**Problem description:**
Once the line containing "Keith Thurman Embraces" is found, please copy it and all lines after it through the end of the records, exactly, leaving out pictures.

**Data extract:**
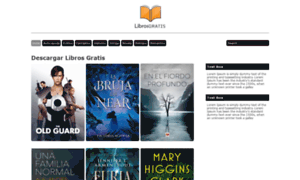 Libros-gratis.org thumbnail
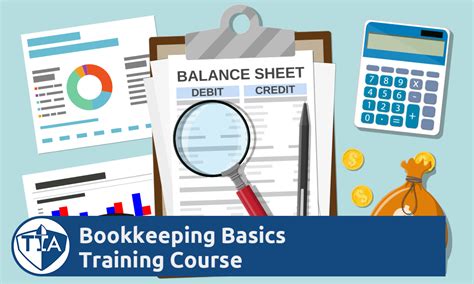 Bookkeeping Training In Nyc Bookkeeping Course In Nyc Bookkeeping Class In Nyc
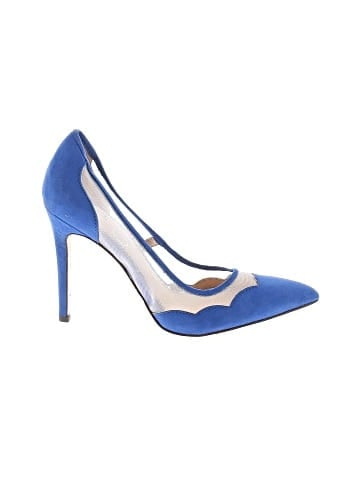 Jessica Simpson Heels (view 1)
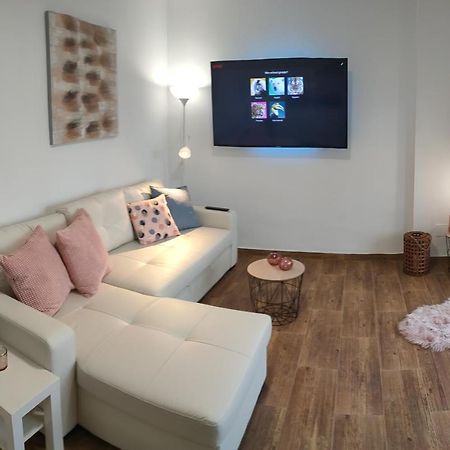 Bellevue Sea View Apartment By Namaste Elite Torremolinos Luaran gambar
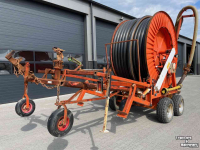 Enrouleur d‘irrigation Faber Faber beregenings haspel 100-300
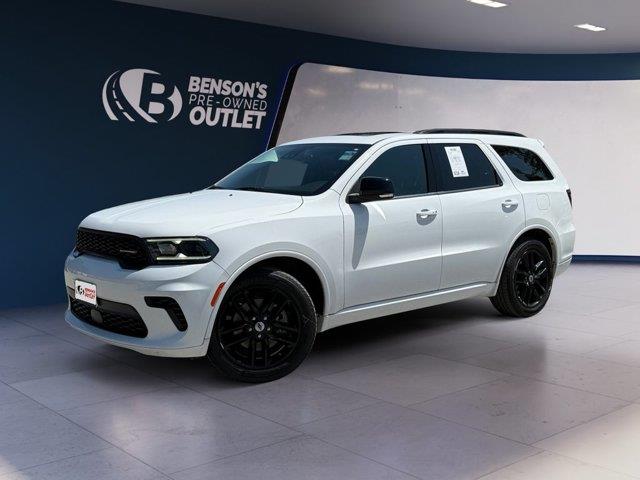 2024 Dodge Durango
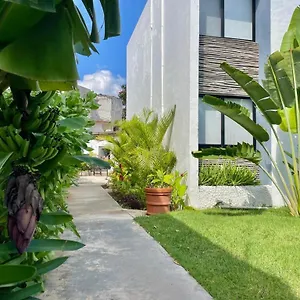 Aldeazul By Andiani Travel Apartament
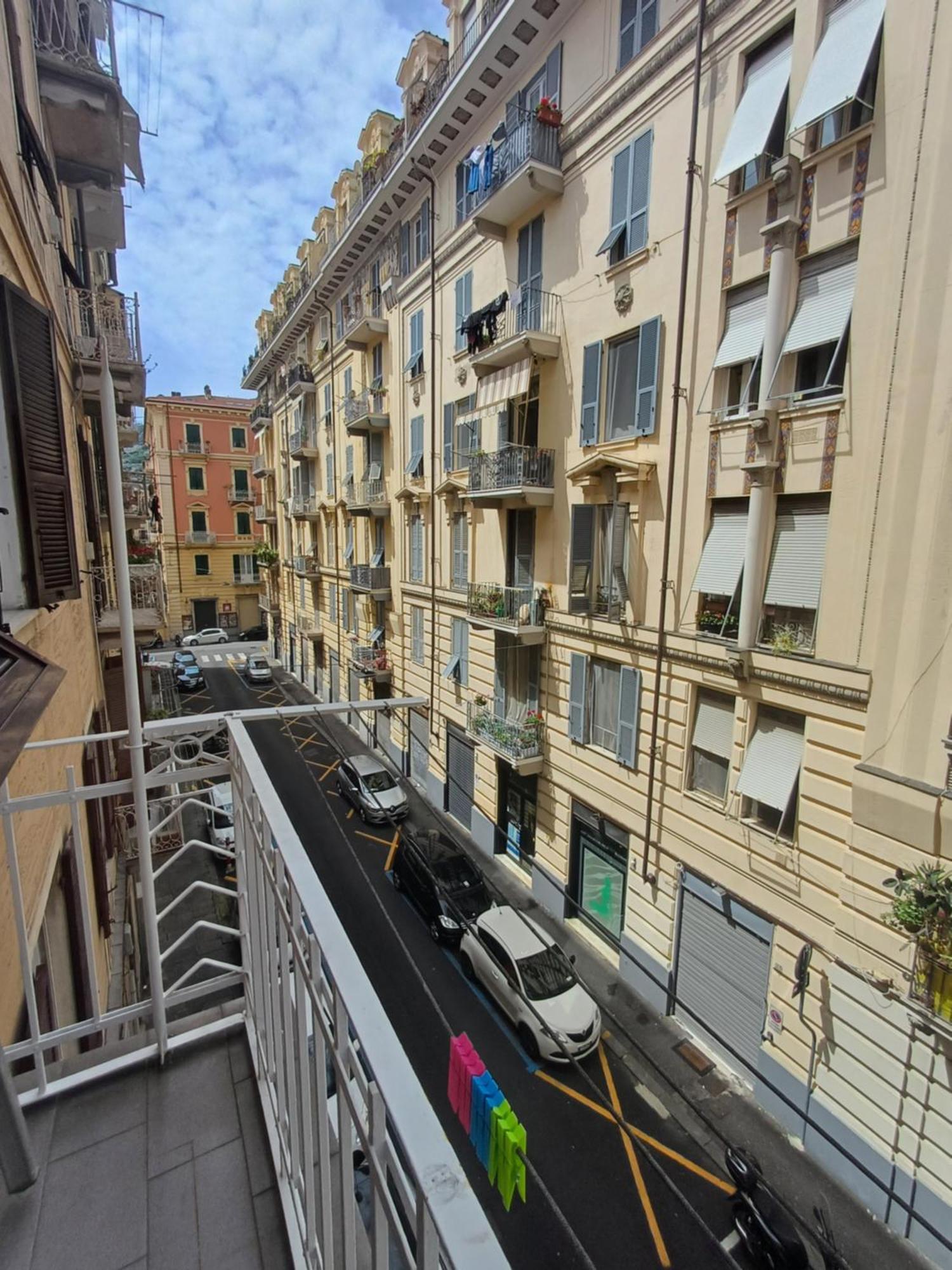 Hotel La Siesta 5 Terre La Spezia Zewnętrze zdjęcie
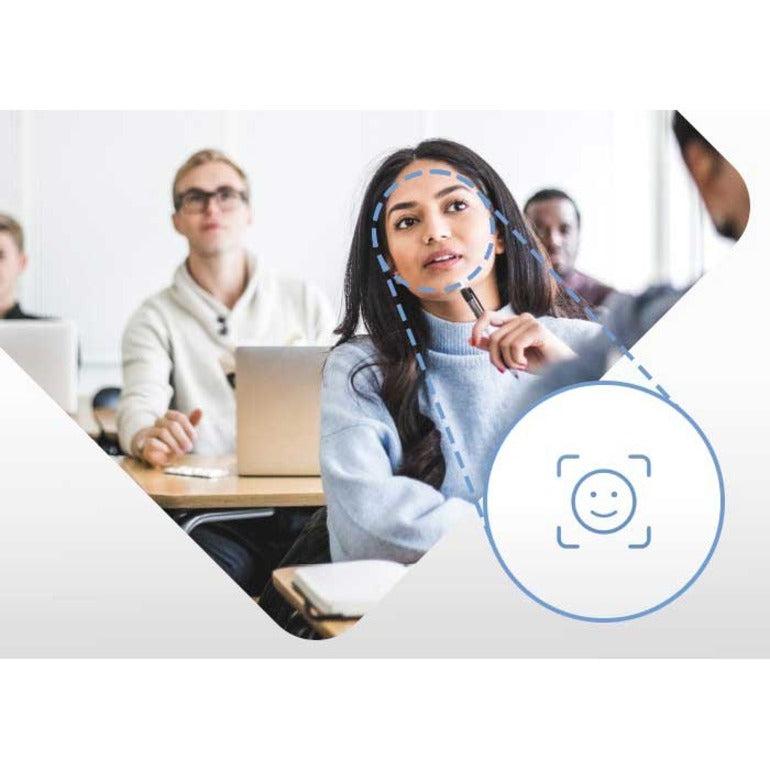 Viewsonic Vbc100 Webcam 3840 X 2160 Pixels Hdmi Black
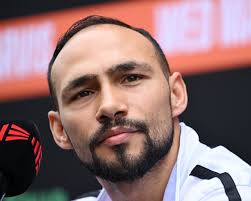 Keith Thurman Embraces Facing Ryan Garcia at 147: He Thinks He's a Big Bad  Boy
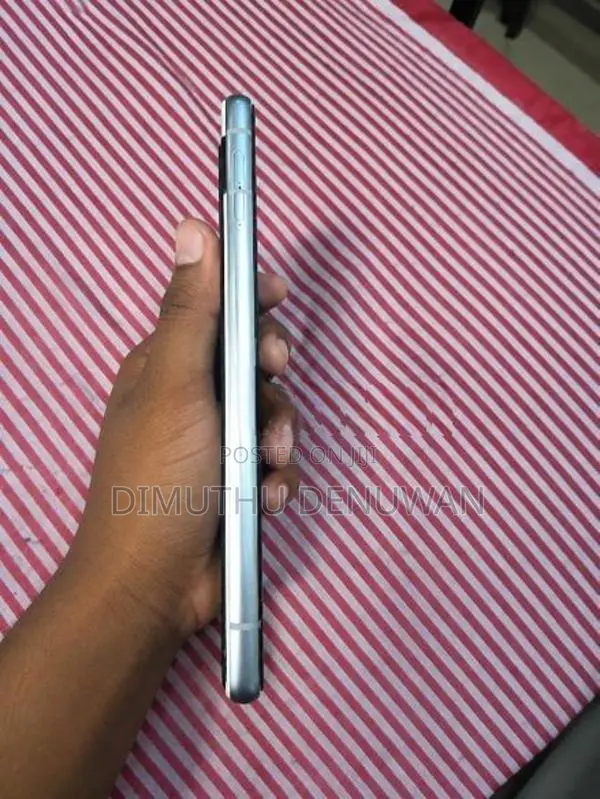 Google Pixel 7a (Used)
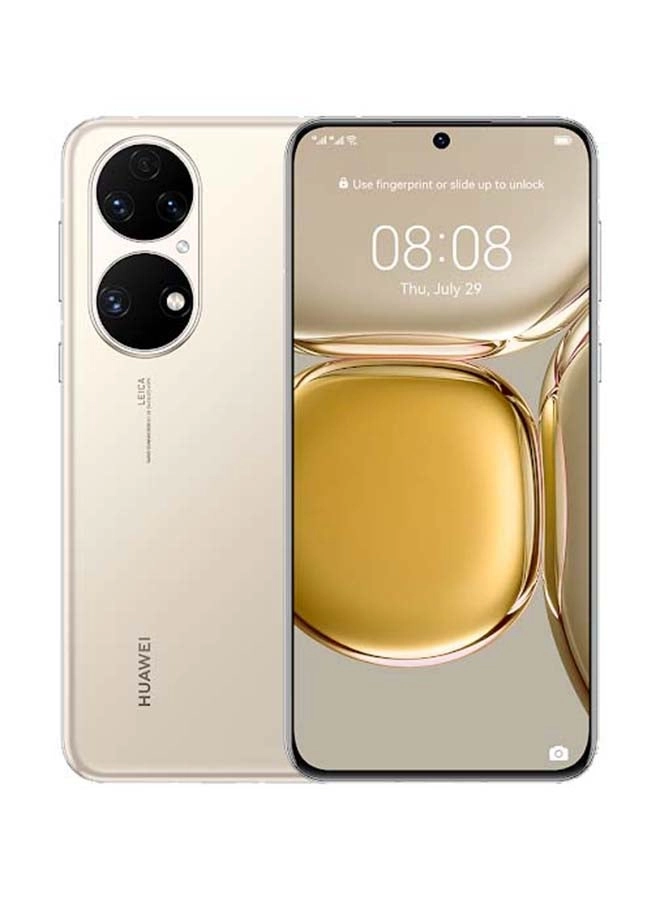 Huawei P50 - 8GB 256GB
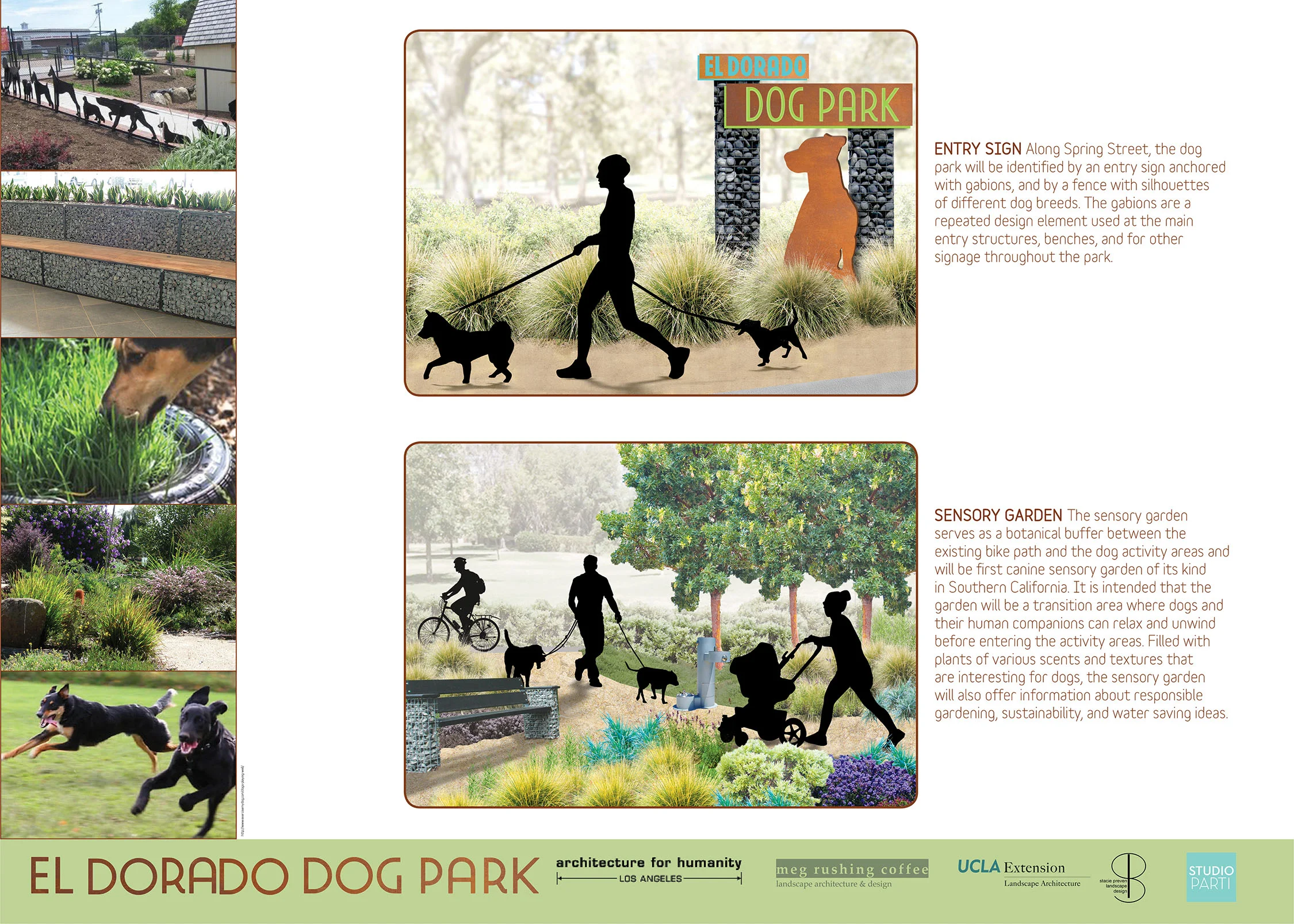 El Dorado Dog Park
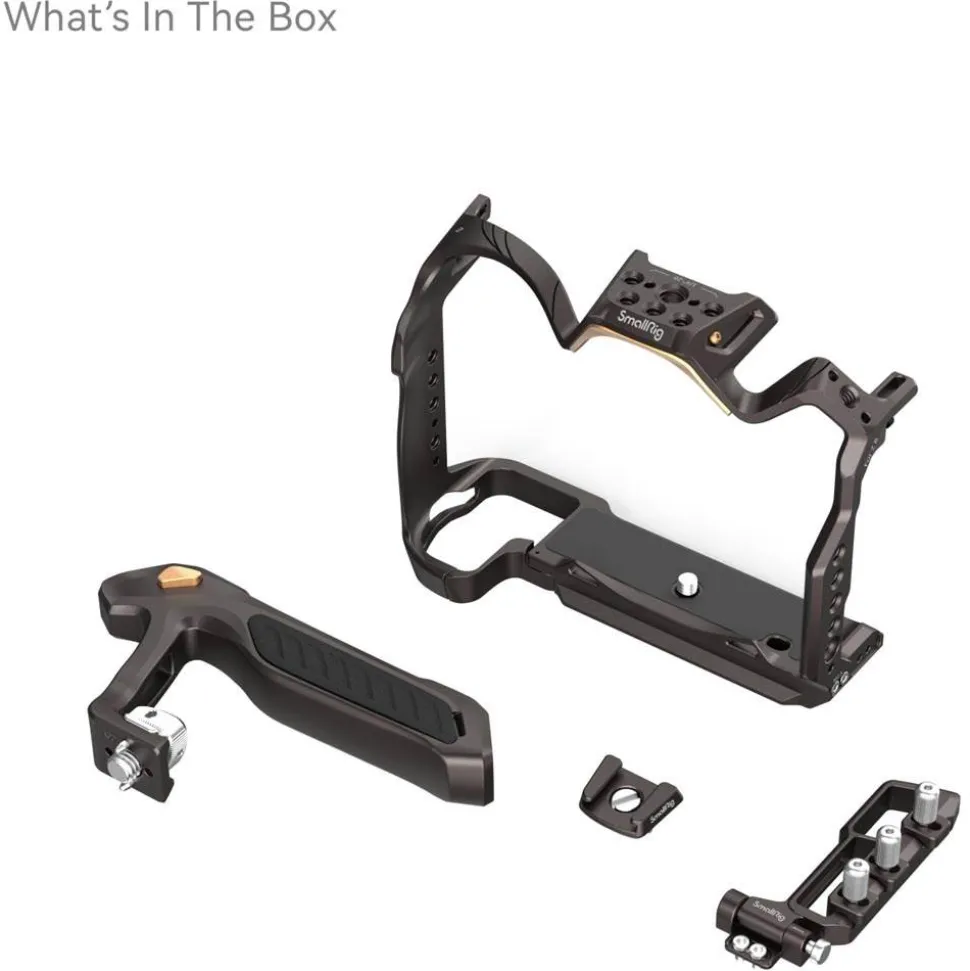 SmallRig Night Eagle Cage Kit for Nikon Z8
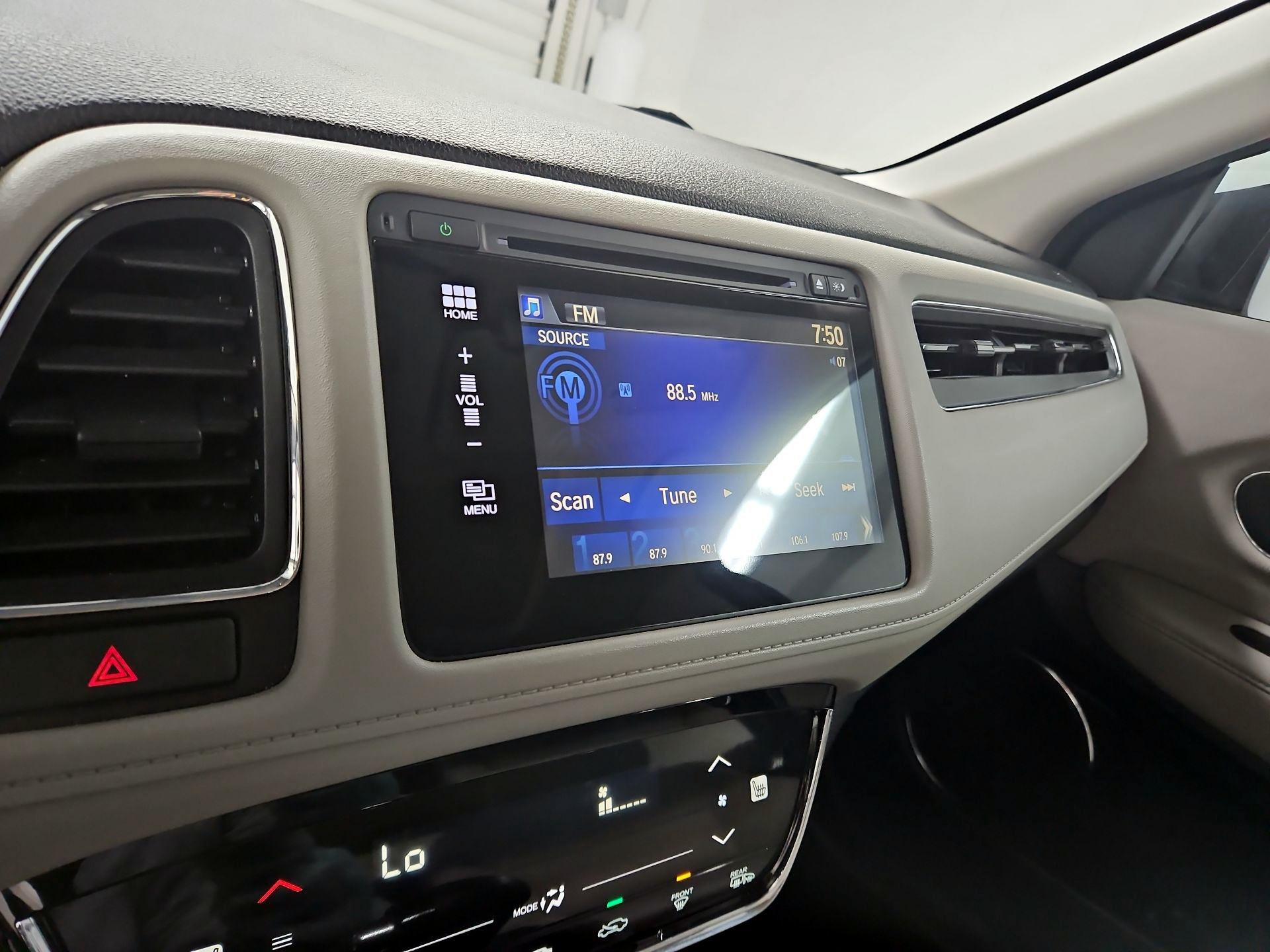 Thumbnail: 2018 Honda HR-V - 15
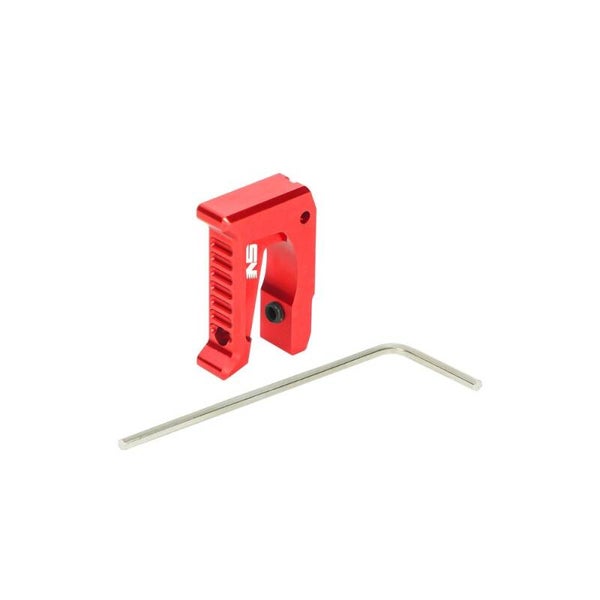 NexxSpeed CNC Speed Trigger - Hi-Capa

**Task answer:**
 Keith Thurman Embraces Facing Ryan Garcia at 147: He Thinks He's a Big Bad  Boy
 Google Pixel 7a (Used)
 Huawei P50 - 8GB 256GB
 El Dorado Dog Park
 SmallRig Night Eagle Cage Kit for Nikon Z8
 Thumbnail: 2018 Honda HR-V - 15
 NexxSpeed CNC Speed Trigger - Hi-Capa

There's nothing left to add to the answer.